Major media reported that three Tel Aviv University academics have
been named by Scientific American on the magazine's list of the past
year's greatest advancements in science. Professor Eshel Ben-Jacob
and Dr. Itay Baruchi created a new type of organic memory chip and
Professor Beka Solomon was honored for her research in treating
Parkinson's disease

Donatella Rovera, chief researcher for Amnesty International on
Israel and the Palestinians, was quoted as saying on Sunday in an
interview with The Jerusalem Post that the Annapolis conference
failed to address human rights issues on both sides in the
Israeli-Palestinian dispute, just as previous initiatives including
Oslo failed before it. The Jerusalem Post reported that "in a rare
public statement," the International Committee of the Red Cross
warned that the Palestinians in the Gaza Strip are facing a
"worsening humanitarian crisis as a result of the drastic
deterioration of the situation there."

On Sunday Maariv reported that the Separation Fence Administration
was disbanded in the course of the past number of weeks and that its
director has ended his term.

The Jerusalem Post cited AP quoting that Abu Ghazal, head of the
Knights of the Night group, loosely associated with Fatah, as saying
that he is calling off attacks on Israel and taking his group
underground, after Israel refused to grant his gang amnesty.

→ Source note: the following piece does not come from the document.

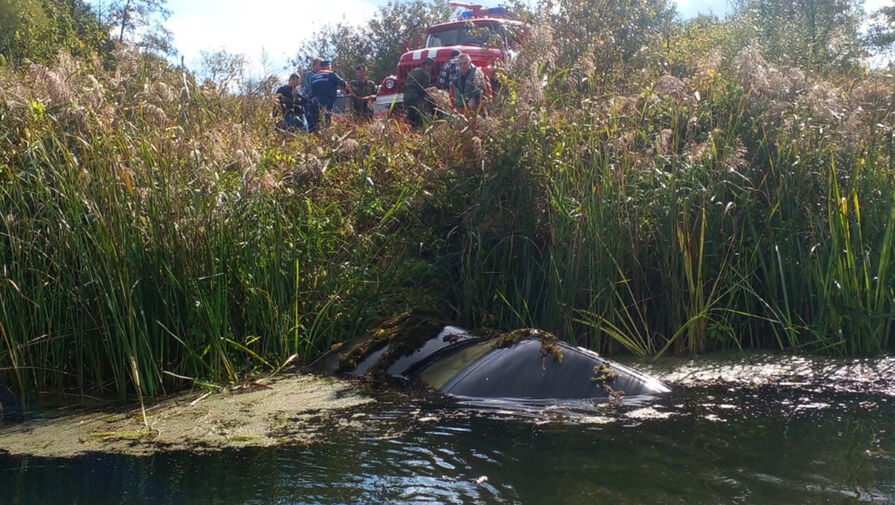 Под Липецком спасатели вытащили из реки Chevrolet Lanos с мертвым водителем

The Jerusalem Post reported from Washington that on Saturday the
Union for Reform Judaism, America's largest Jewish movement, and the
Islamic Society of North America, unveiled an interfaith dialogue
curriculum and are urging their hundreds of thousands of members to
use it. Both sides say it is the broadest Jewish-Muslim interfaith
effort in the continent's history.

Maariv reported that Defense Ministry Barak has okayed the creation
of a second cellular phone network in the Palestinian territories.

Maariv reported that a group of Labor Party veterans, which does not
believe that Ehud Barak has changed and is identified with the late
Yitzhak Rabin's line, has threatened to join the Likud.

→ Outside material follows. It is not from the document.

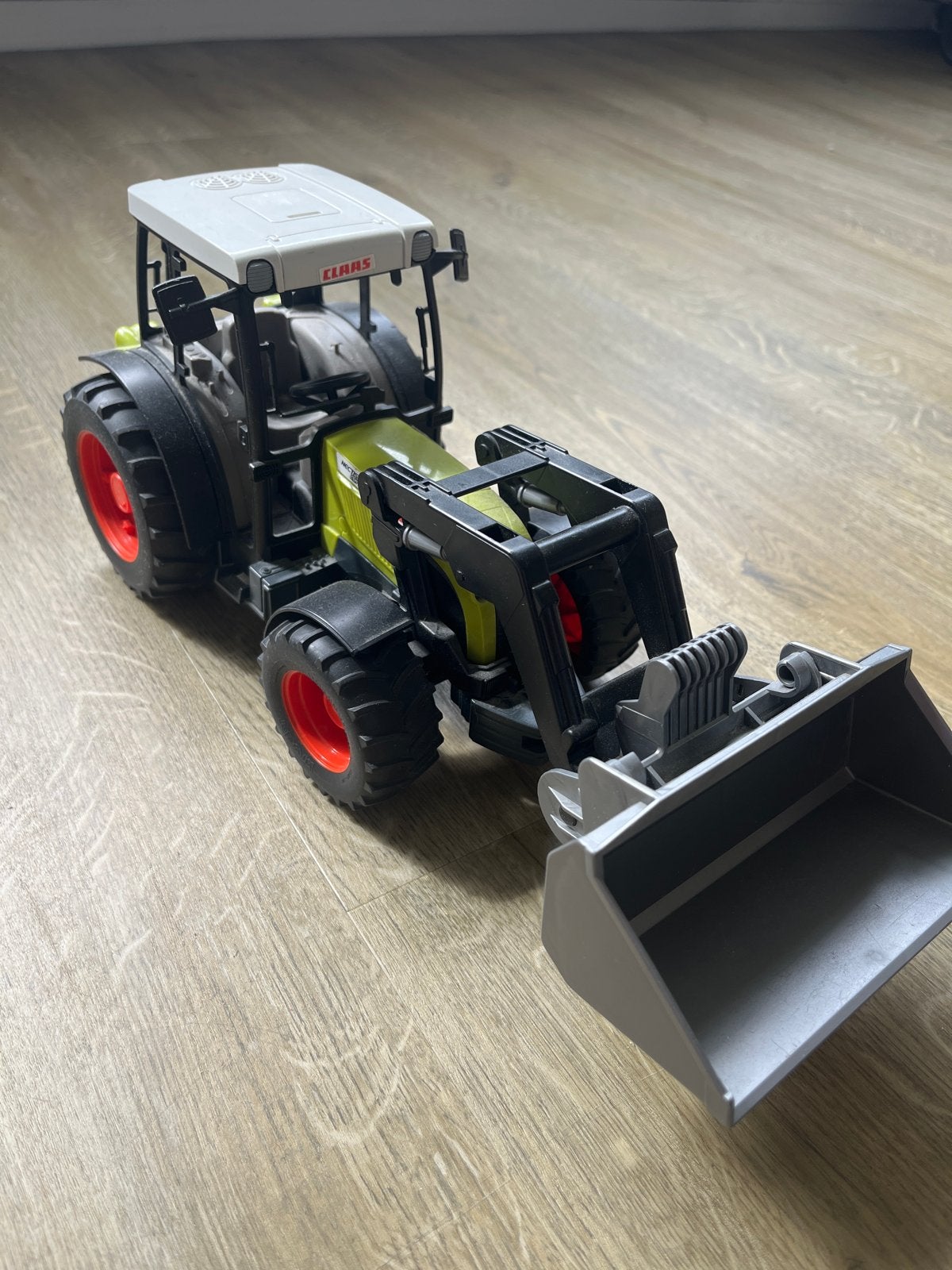 Claas Nectis 267F speelgoedtractor met lader (defect), Ophalen, Gebruikt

Leading media reported that on Monday an interministerial committee
decided that the president of Israel will not be able to pardon or
reduce the sentence a person who assassinated a prime minister. The
Knesset must pass a bill to this effect.

Leading media reported that Israel will sign a free-trade agreement
today with Mercosur, the South American free trade union that
includes Brazil, Argentina, Uruguay, Paraguay, and a "country
outside of Latin America." The treaty has been in the works for a
decade.
---------
1. Iran:
---------

Summary:
--------

The conservative, independent Jerusalem Post editorialized (12/17):
"Bush ... can forget about the Annapolis process getting anywhere if
the U.S. is perceived to be easing the pressure on the Iran."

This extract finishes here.